On 3/12/2026 11:46 AM, Vineet Gupta wrote:
Hi,
I wanted some insight/clarity on subreg promotion at expand time
following a promote_function_mode()
Apologies Roger and HJ for explicit CC but it seems you touched the
same general area in 2021 and 2026 respectively.
Here's my understand of various pieces and the problem I'm running into.
1a. PROMOTE_MODE has no direct ABI implications on its own but could
do so indirectly if TARGET_PROMOTE_FUNCTION_MODE uses the default
always which in turn uses this macro.
Right. PROMOTE_MODE is primarily to deal with targets that don't have
subword arithmetic and logicals.
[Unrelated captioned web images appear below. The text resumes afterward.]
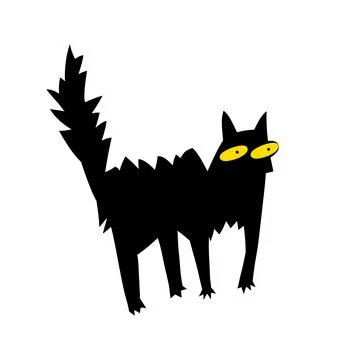 Black cat on a white background. Witch Cat for Halloween Stock Illustration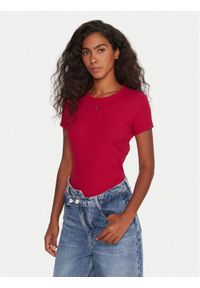Tommy Jeans T-Shirt Essential DW0DW17383 Różowy Slim Fit. Kolor: różowy. Materiał: bawełna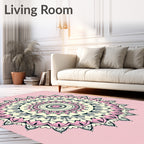 Pink Cream Intricate Mandala Design Rug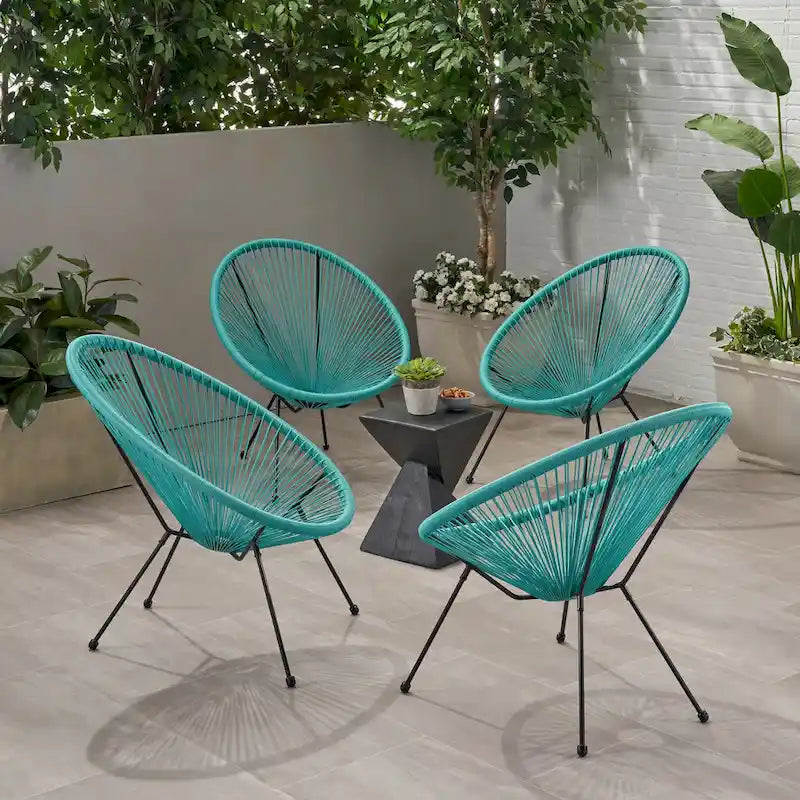 Sedia Anson in Acciaio/Rattan PE Intrecciato da Esterno (Set da 4) di Christopher Knight Home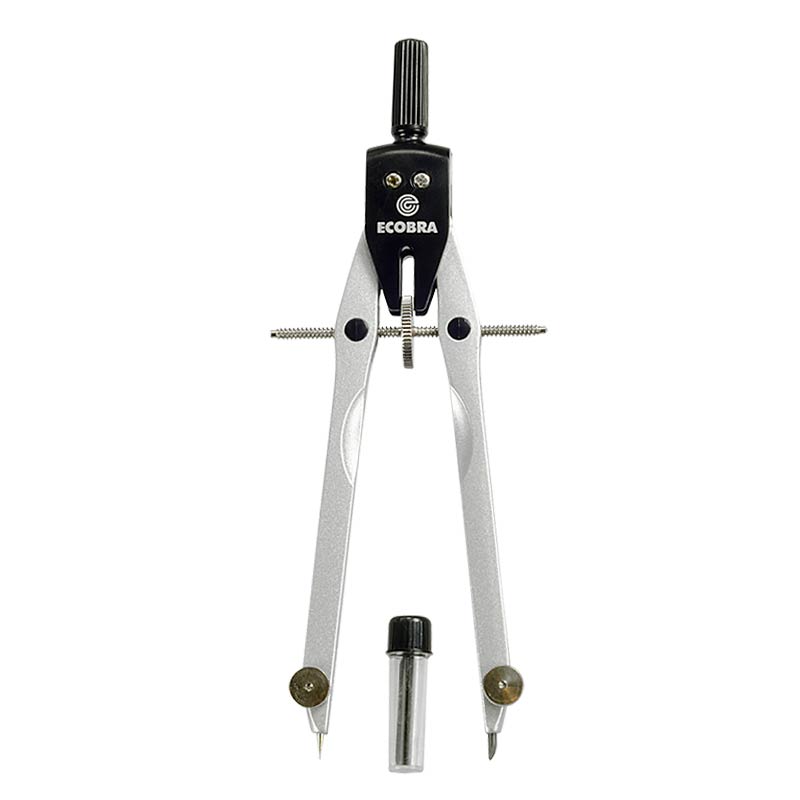 ecobra-geometrie-zirkel-serie-duo-tec-silberfarben-mit-mitteltriebschraube image 1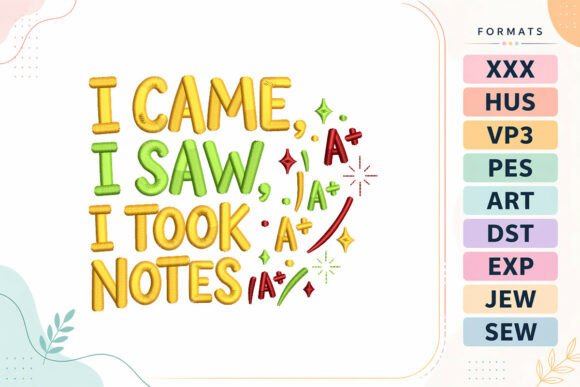 Back to School Student Quote Embroidery Design Review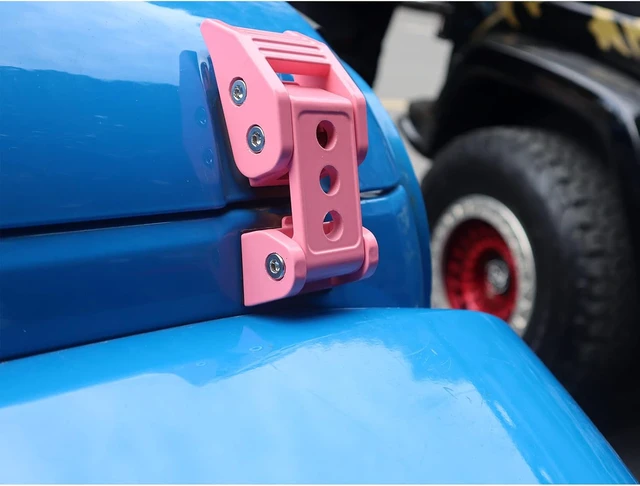 Alt view image 5 of 7 - Stainless Steel Latch Hood Capture Kit for 2007-2018 Jeep Wrangler JK JKU and 2018-2022 Jeep Wrangler JLJLU Gladiator 2-Door and 4-Door (Pink)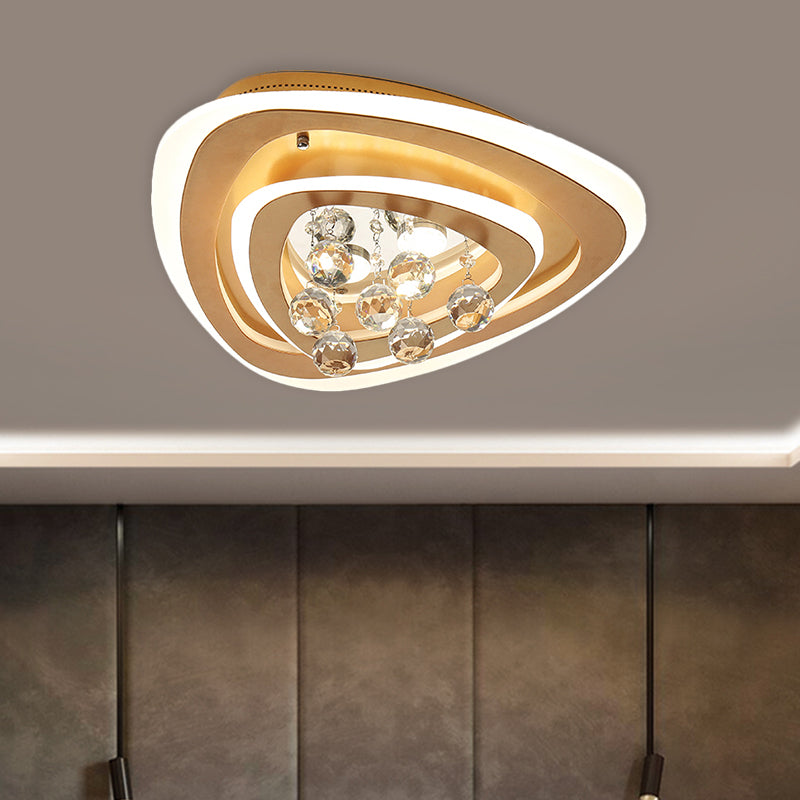 LED Parlor Flush Mount Lamp Modern Gold Close to Ceiling Lighting Fixture with Triangle/Round/Loving Heart Crystal Shade - Clearhalo - 'Ceiling Lights' - 'Close To Ceiling Lights' - 'Close to ceiling' - 'Flush mount' - Lighting' - 1431470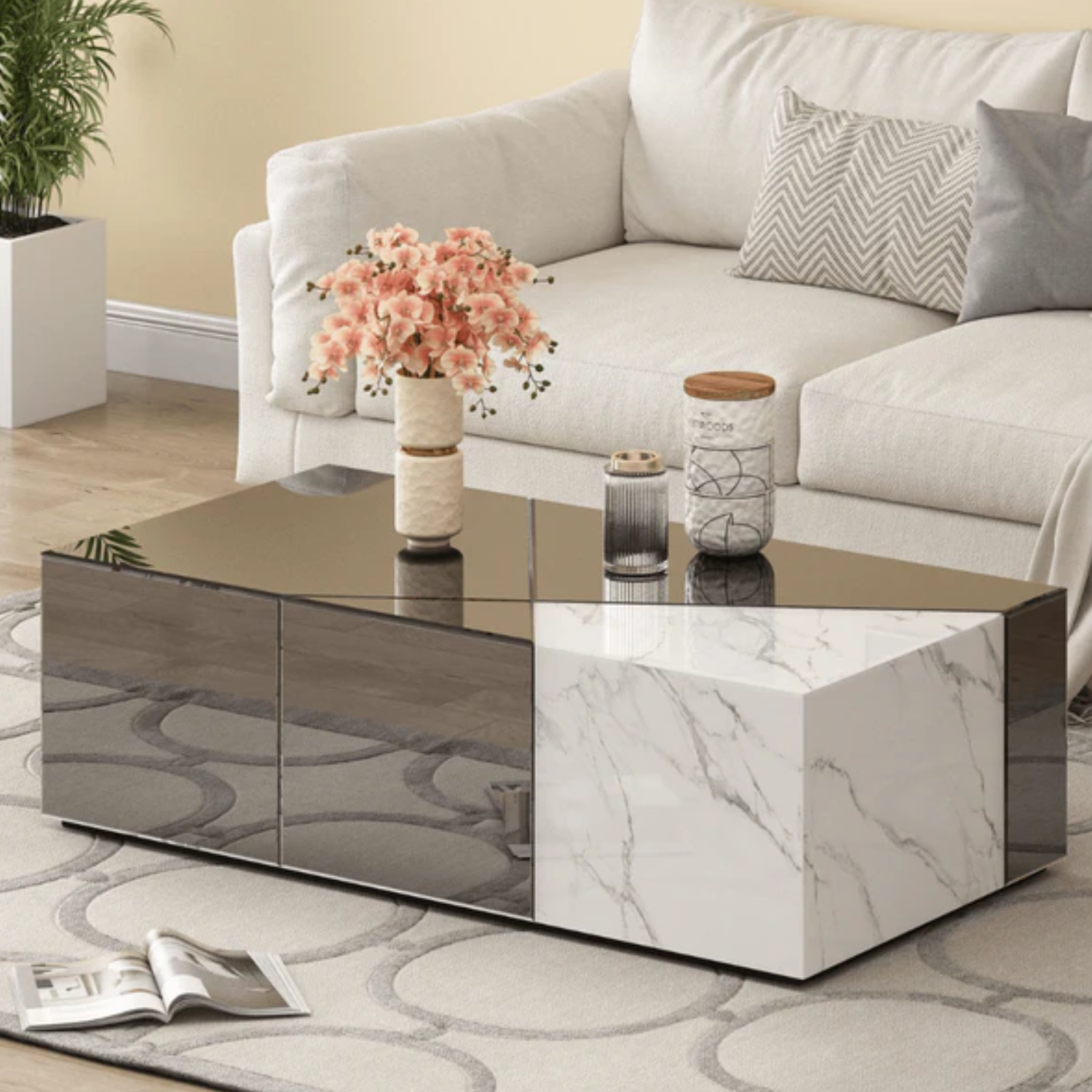 Table Basse, verre miroir, marbre gris
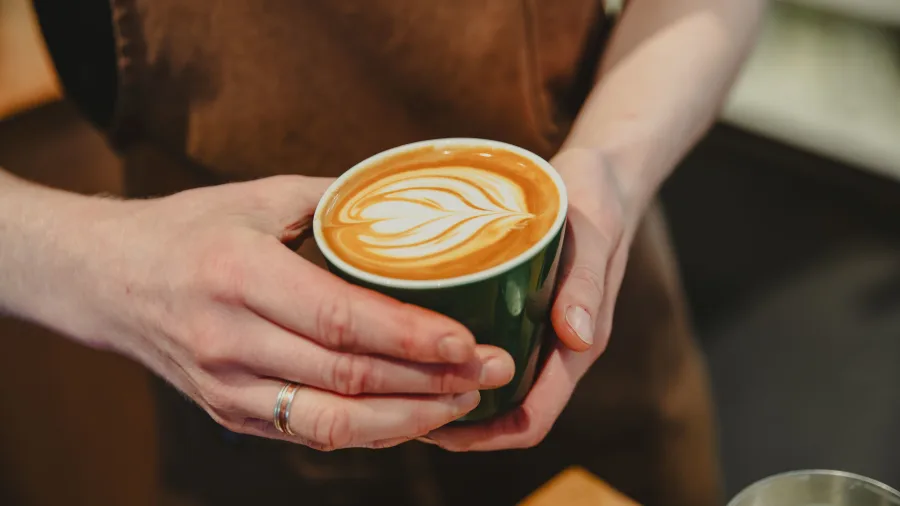 Barista holding a cup of coffee at Twenty Eight cafe in Lower Hutt, Wellington Region, New Zealand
Now those targets typically also
define how extensions happen to function/return values, so it's easy to
conflate them.
1b. According to docs [1] PROMOTE_MODE for for ISAs supporting only
64-bit registers would define it to word_mode (64) and I'm implying
further that for ISAs supporting both it should be OK to define either
32 or 64 although it might be desirable to have 32, just for codegen
fiddling with fewer bits if nothing else.
"On most RISC machines, which only have operations that operate on a
full register,
define this macro to set m to word_mode if m is an integer mode
narrower than
BITS_PER_WORD...."
The RISC-V implementation is textbook perfect: for rv64 it would
promote anything smaller that DI to DI (since that's how wide the
container itself is) and if SI clear the unsigned bit as well since
most ALU operations would sign extend the 32-bit result to 64-bits.
Right. And it's worth remembering that rv64 doesn't really have 32 bit
ops, there's implicit sign extension 32->64 with those "w" forms.
BPF currently defines it to promote anything smaller that DI to DI:
that might be a bit conservative and lead to fewer 32-bit only insns.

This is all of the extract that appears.